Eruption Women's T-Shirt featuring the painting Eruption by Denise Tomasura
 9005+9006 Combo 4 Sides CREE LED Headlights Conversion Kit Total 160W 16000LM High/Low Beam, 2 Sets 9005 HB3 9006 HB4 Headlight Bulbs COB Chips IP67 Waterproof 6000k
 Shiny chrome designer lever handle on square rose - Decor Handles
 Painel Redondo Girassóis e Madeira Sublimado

..........

_WHAT YOU ARE ASKED TO DO_. Copy exactly the lines of the listing above, beginning at the line with "9005+9006 Combo 4" and ending at its final line; write out nothing else.

_ANSWER AREA_.
 9005+9006 Combo 4 Sides CREE LED Headlights Conversion Kit Total 160W 16000LM High/Low Beam, 2 Sets 9005 HB3 9006 HB4 Headlight Bulbs COB Chips IP67 Waterproof 6000k
 Shiny chrome designer lever handle on square rose - Decor Handles
 Painel Redondo Girassóis e Madeira Sublimado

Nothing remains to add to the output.